====== Data shown ======

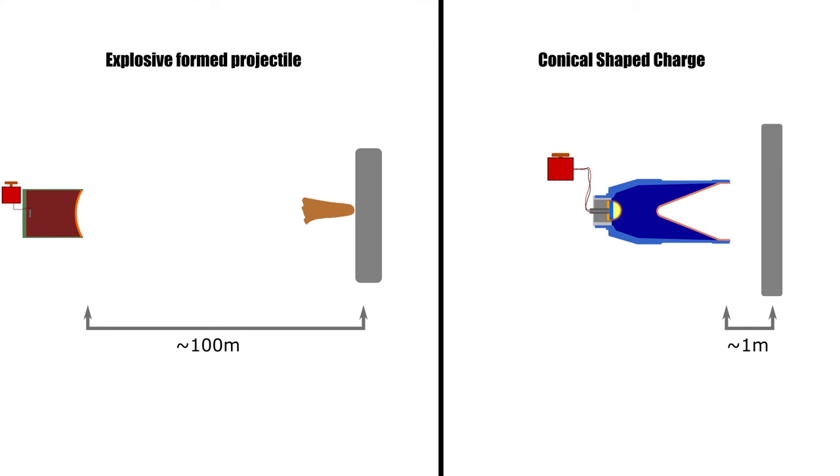EFPs are more effective over a longer distance than conventional conical shape charge devices.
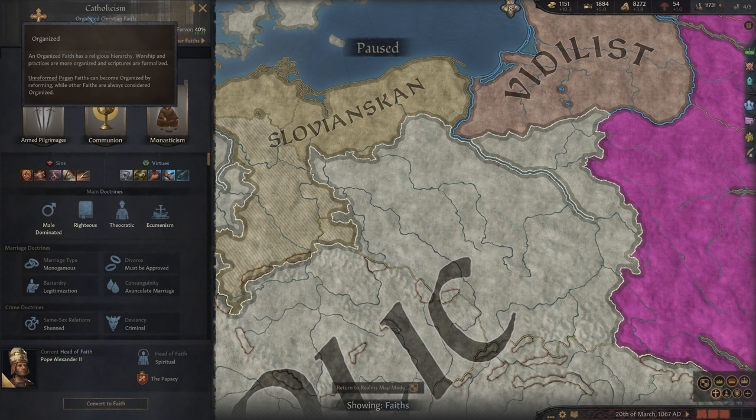Before switching to tenets, something important is sins and virtues. You can find them at the bottom of the religion screen — sins on the left, virtues on the right. Each faith in a religion will share that religion's primary or default sins and virtues unless you choose a tenet that swaps them out. For example, deceitful is a default sin for Christianity and will always be present unless a tenet replaces it.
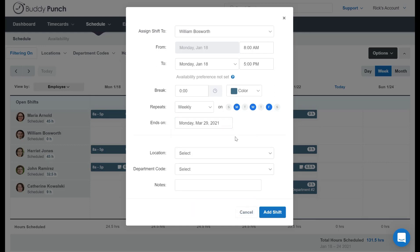Now, right below that, you can even select the location or department code that he needs to work in, or both if that applies. And of course, I can also put a note right here in the schedule at the bottom. When I'm done, I simply click down here, add shift.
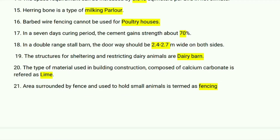The structure for sheltering and restricting dairy animals is called a dairy barn. The type of material used in building construction composed of calcium carbonate is referred to as lime. An area surrounded by a fence and used to hold small animals is termed as a fenced area.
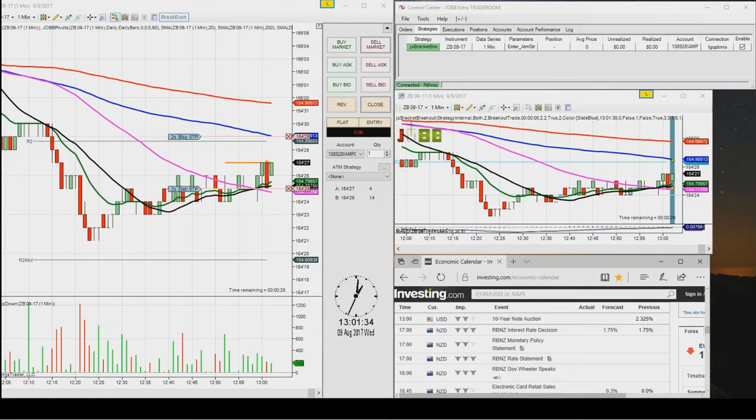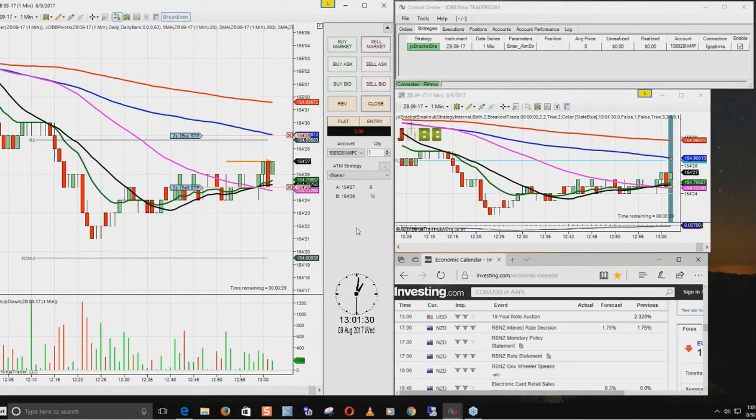Hi, it's Lee Goldstein from FreeTradeRoom.com, JOBB Software. I wanted to show you the results of today's 10-year bond auction. It took place at 1 p.m. Pretty much everybody in the room made money. It was an easy, stress-free trade. It takes place at 13:01:30.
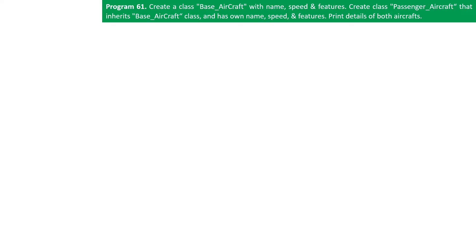We will next learn how inheritance can be applied in a C++ program. Program 61: Create a class base aircraft with name, speed, and features. Create a class passenger aircraft that inherits the base aircraft class and has its own name, speed, and features. Print details of both aircrafts.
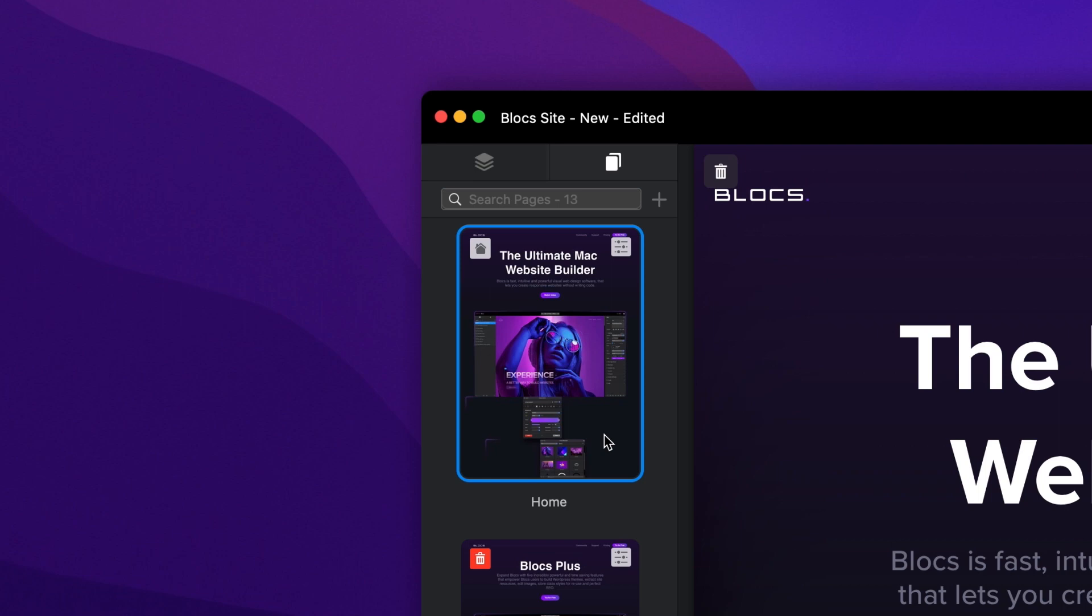If I click the settings button, I am presented with a drop-down menu. The first option lets me open the page settings and the second lets me quickly duplicate the page.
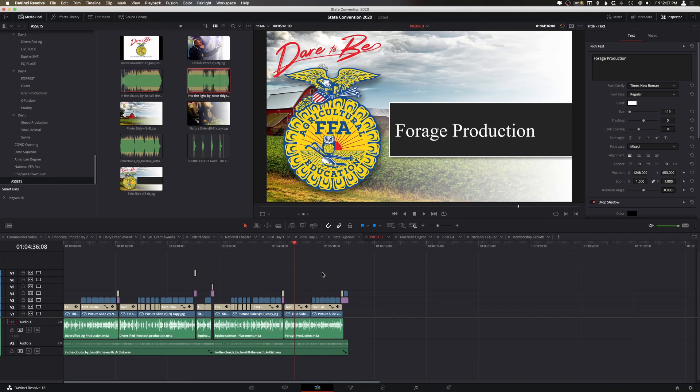Hey what's up guys, my name is Cameron Gallagher and today I want to do a quick video on working with multiple timelines inside of DaVinci Resolve 16 or above.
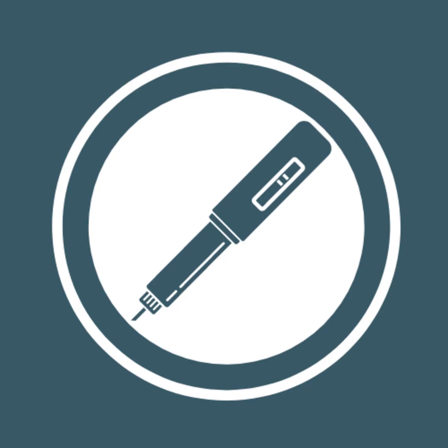This is an audio guide about biosimilar medications brought to you by Creaky Joints Australia. Be sure to go to creakyjoints.org.au and join for free to keep updated on all of our resources.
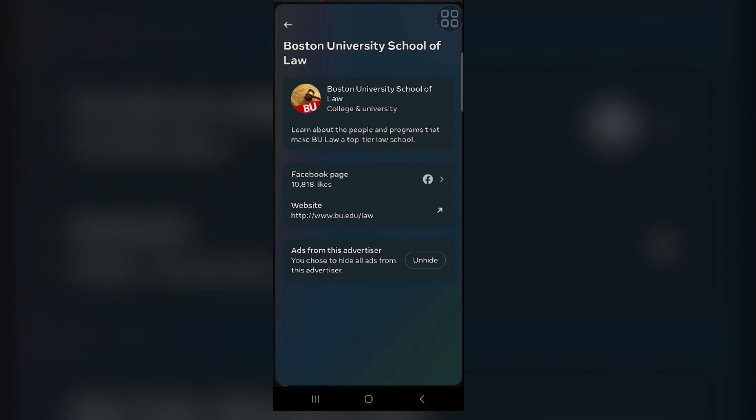Also, you can follow more people and pages. Engage with content you actually want to see - follow friends, family, and pages that interest you. This will give the Facebook algorithm more data about what you like and hopefully lead to a more balanced feed.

======

Try it: Pictures stay out. Write out everything else in the material exactly.

Answer area:
EFPs are more effective over a longer distance than conventional conical shape charge devices.
Before switching to tenets, something important is sins and virtues. You can find them at the bottom of the religion screen — sins on the left, virtues on the right. Each faith in a religion will share that religion's primary or default sins and virtues unless you choose a tenet that swaps them out. For example, deceitful is a default sin for Christianity and will always be present unless a tenet replaces it.
Now, right below that, you can even select the location or department code that he needs to work in, or both if that applies. And of course, I can also put a note right here in the schedule at the bottom. When I'm done, I simply click down here, add shift.
The structure for sheltering and restricting dairy animals is called a dairy barn. The type of material used in building construction composed of calcium carbonate is referred to as lime. An area surrounded by a fence and used to hold small animals is termed as a fenced area.
Hi, it's Lee Goldstein from FreeTradeRoom.com, JOBB Software. I wanted to show you the results of today's 10-year bond auction. It took place at 1 p.m. Pretty much everybody in the room made money. It was an easy, stress-free trade. It takes place at 13:01:30.
We will next learn how inheritance can be applied in a C++ program. Program 61: Create a class base aircraft with name, speed, and features. Create a class passenger aircraft that inherits the base aircraft class and has its own name, speed, and features. Print details of both aircrafts.
If I click the settings button, I am presented with a drop-down menu. The first option lets me open the page settings and the second lets me quickly duplicate the page.
Hey what's up guys, my name is Cameron Gallagher and today I want to do a quick video on working with multiple timelines inside of DaVinci Resolve 16 or above.
This is an audio guide about biosimilar medications brought to you by Creaky Joints Australia. Be sure to go to creakyjoints.org.au and join for free to keep updated on all of our resources.
Also, you can follow more people and pages. Engage with content you actually want to see - follow friends, family, and pages that interest you. This will give the Facebook algorithm more data about what you like and hopefully lead to a more balanced feed.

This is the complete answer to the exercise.